Ele podia ter requerido audição à porta fechada mas não resistiu ao espectáculo e quis ter os media a divulgar as suas declarações.

Resulta do processo disciplinar o seu despedimento.

E agora vai para a justiça contestar esse despedimento.

O que é curioso é que o Público tem um artigo em que chega a transcrever as declarações de Nuno Santos em que diz que foi despedido por "delito de opinião que está banido da ordem jurídica desde 1976".
O mesmo artigo tem um link para a notícia do pedido de esclarecimentos à presidente da AR mas omite um link para um artigo no mesmo jornal em que Assunção Esteves esclarece que não há imunidade aos depoentes mas que eles podem requerer audição à porta fechada (coisa que Nuno Santos não fez porque achava que os julgamentos mediáticos são a solução que lhe permitiria safar-se).

O fascinante de tudo isto é que agora se culpa o Governo deste despedimento. Em primeiro llugar culpava-se por usar meios públicos para exercer repressão policial e perseguir os "manifestantes" e agora culpa-se o mesmo Governo do despedimento do indivíduo que supostamente os ajudou a perseguir os "manifestantes".

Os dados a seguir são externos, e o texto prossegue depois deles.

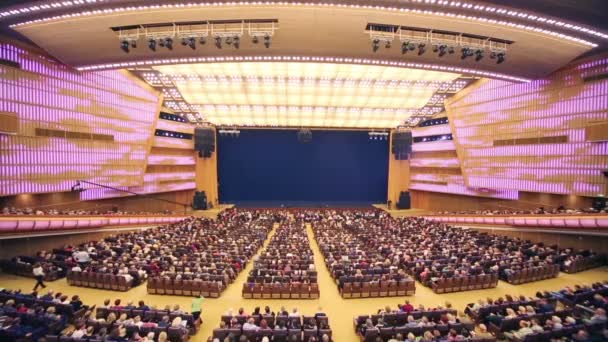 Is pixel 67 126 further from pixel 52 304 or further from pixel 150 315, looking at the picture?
pixel 150 315

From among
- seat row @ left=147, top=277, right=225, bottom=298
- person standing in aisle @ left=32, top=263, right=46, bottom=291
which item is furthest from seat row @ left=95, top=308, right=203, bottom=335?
person standing in aisle @ left=32, top=263, right=46, bottom=291

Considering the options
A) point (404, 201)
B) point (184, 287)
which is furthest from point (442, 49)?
point (404, 201)

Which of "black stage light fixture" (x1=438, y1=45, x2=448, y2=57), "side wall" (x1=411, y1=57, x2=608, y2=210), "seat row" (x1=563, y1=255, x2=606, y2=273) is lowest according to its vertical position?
"seat row" (x1=563, y1=255, x2=606, y2=273)

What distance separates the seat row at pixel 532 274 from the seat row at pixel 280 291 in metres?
7.48

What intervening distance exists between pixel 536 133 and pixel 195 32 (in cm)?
2209

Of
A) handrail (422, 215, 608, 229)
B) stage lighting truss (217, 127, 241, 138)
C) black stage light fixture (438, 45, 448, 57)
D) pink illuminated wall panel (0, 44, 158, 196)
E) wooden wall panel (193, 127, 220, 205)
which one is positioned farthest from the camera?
wooden wall panel (193, 127, 220, 205)

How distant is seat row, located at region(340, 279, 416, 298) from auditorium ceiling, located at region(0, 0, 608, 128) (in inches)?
392

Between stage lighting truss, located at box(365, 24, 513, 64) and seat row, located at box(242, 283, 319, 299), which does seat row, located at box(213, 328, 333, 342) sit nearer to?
seat row, located at box(242, 283, 319, 299)

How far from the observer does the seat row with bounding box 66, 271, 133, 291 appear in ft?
35.2

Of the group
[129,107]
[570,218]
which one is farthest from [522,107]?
[129,107]

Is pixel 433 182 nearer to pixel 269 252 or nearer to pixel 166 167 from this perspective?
pixel 269 252

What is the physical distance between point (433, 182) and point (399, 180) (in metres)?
4.23

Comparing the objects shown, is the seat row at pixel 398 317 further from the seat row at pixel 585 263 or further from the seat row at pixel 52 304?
the seat row at pixel 585 263

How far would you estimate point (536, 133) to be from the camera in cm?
2133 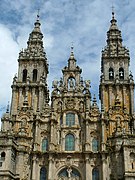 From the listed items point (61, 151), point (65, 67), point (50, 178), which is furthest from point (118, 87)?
point (50, 178)

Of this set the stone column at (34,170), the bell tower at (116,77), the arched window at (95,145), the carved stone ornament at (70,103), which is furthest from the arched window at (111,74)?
the stone column at (34,170)

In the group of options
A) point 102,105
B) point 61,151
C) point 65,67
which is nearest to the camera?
point 61,151

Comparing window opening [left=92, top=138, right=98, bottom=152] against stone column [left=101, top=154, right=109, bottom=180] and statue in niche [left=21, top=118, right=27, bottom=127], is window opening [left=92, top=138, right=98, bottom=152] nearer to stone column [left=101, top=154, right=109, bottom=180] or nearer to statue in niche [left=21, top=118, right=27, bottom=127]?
stone column [left=101, top=154, right=109, bottom=180]

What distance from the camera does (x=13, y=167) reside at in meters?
40.6

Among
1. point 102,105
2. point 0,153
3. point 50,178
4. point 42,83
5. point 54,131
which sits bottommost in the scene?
point 50,178

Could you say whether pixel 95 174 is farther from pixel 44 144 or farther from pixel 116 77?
pixel 116 77

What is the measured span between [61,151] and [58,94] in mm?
8219

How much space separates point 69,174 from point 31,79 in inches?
595

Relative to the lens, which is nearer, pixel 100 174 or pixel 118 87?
pixel 100 174

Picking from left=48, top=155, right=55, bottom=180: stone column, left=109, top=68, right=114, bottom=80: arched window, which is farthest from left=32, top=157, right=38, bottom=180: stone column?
left=109, top=68, right=114, bottom=80: arched window

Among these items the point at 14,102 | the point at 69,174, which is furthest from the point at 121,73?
the point at 69,174

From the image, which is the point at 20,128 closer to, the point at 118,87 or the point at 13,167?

Para já isto é o que aparece nos comentários ao artigo de jornal e não se espera que seja gente muito inteligente a fazer estas deduções. mas a verdade é que o artigo de jornal, que podia esclarecer estabelecendo uma simples cronologia, não esclarece e limita-se a veicular a opinião de Nuno Santos como se de um facto indesmentível se tratasse.

Caso o processo disciplinar esteja mal fundamentado ou pura e simplesmente mal feito (coisa que não é rara) o tribunal pronunciar-se-à em favor de Nuno Santos.

Mas até ver, uma pessoa que diz o que disse do seu empregador de forma pública e amplamente divulgada, dificilmente se safa. A fundamentação do processo disciplinar nada tem a ver com opinião, muito menos com delito de opinião.
Tem a ver sim com a quebra da confiança que resulta de um trabalhador se virar para o empregador e dizer que não quer trabalhar com ele.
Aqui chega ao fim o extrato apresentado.